_ABOUT THIS TASK_. Using the listing below, copy exactly the lines from the one containing "Reykholt Cabina |" to the one containing "Semi Crush Georgette Saree", both lines included, and no others.

_SUPPLIED RECORDS_.
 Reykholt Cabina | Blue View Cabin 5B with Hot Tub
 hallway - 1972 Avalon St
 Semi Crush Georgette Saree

--

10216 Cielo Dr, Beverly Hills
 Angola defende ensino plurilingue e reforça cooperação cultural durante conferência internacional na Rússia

_TASK RESPONSE_.
 Reykholt Cabina | Blue View Cabin 5B with Hot Tub
 hallway - 1972 Avalon St
 Semi Crush Georgette Saree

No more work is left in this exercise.